◆ **EXERCISE PROMPT**: Below this line are records; write out exactly the lines from the one containing "KIA SOUL 2016 - KNDJN2A2XG7836420" through the one containing "GI - Adjustable Inline Skates for Kids © Ⓢ", with the pictures left out.

◆ **RECORDS FOR PROCESSING**:
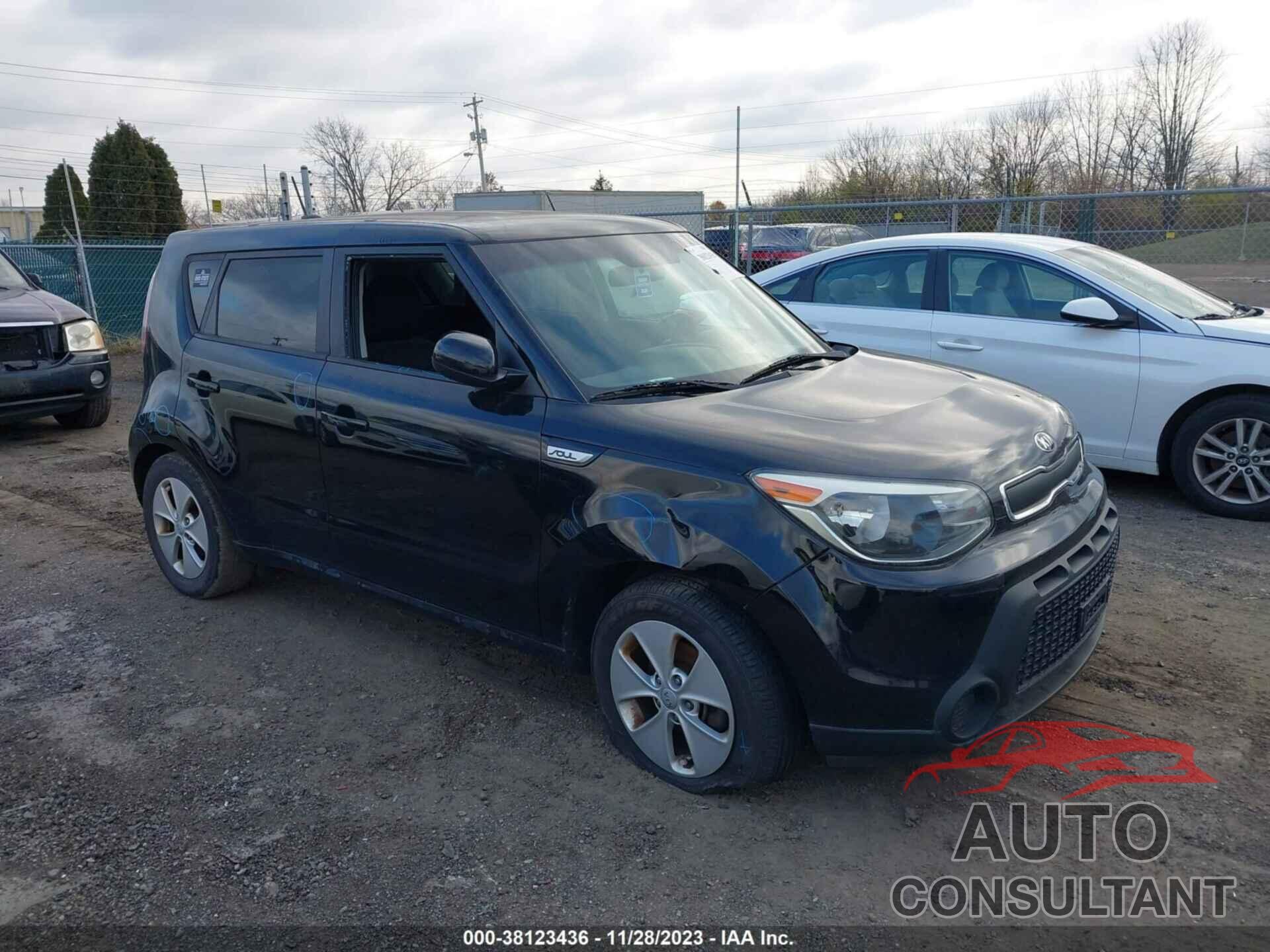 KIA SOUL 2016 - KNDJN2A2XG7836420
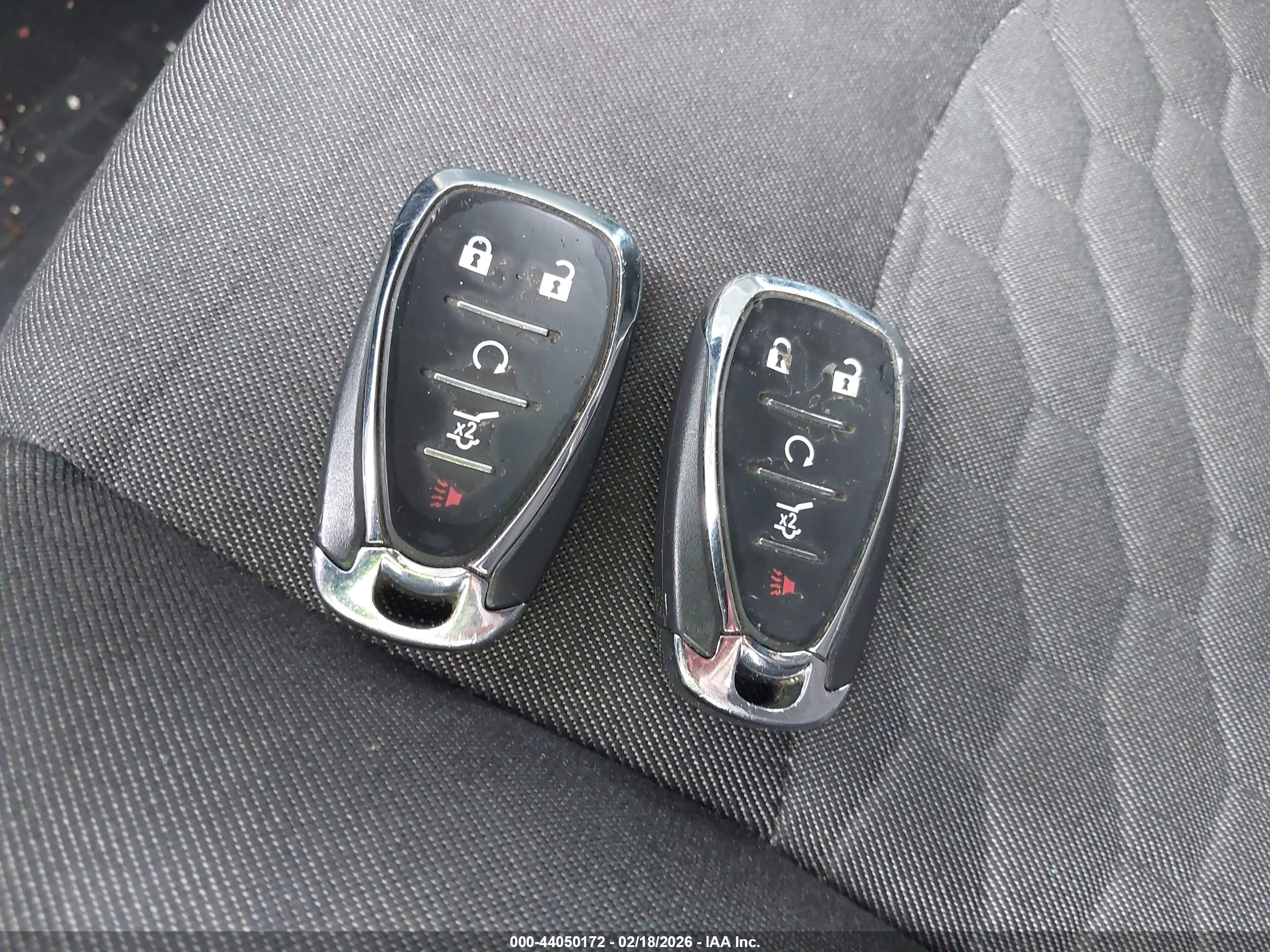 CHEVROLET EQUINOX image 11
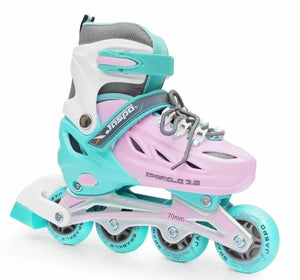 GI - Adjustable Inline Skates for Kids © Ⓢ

==

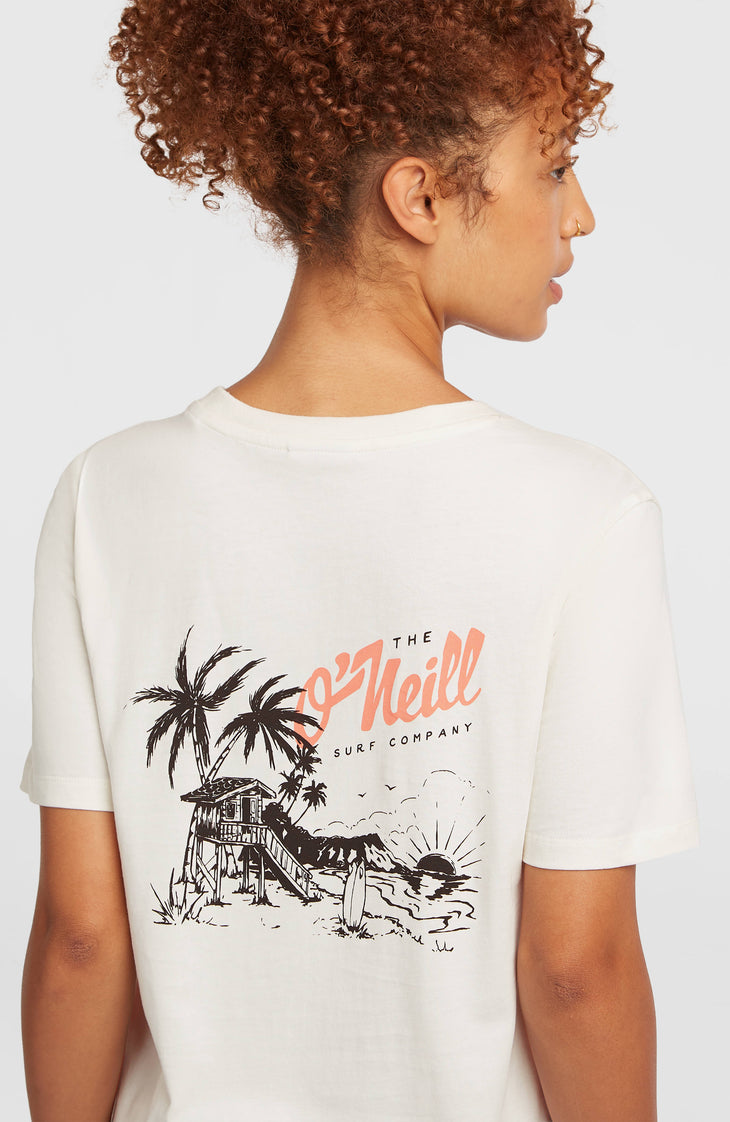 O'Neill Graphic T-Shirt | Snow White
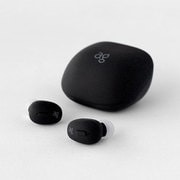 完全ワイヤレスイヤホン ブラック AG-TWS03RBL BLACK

◆ **SOLVED EXERCISE**:
 KIA SOUL 2016 - KNDJN2A2XG7836420
 CHEVROLET EQUINOX image 11
 GI - Adjustable Inline Skates for Kids © Ⓢ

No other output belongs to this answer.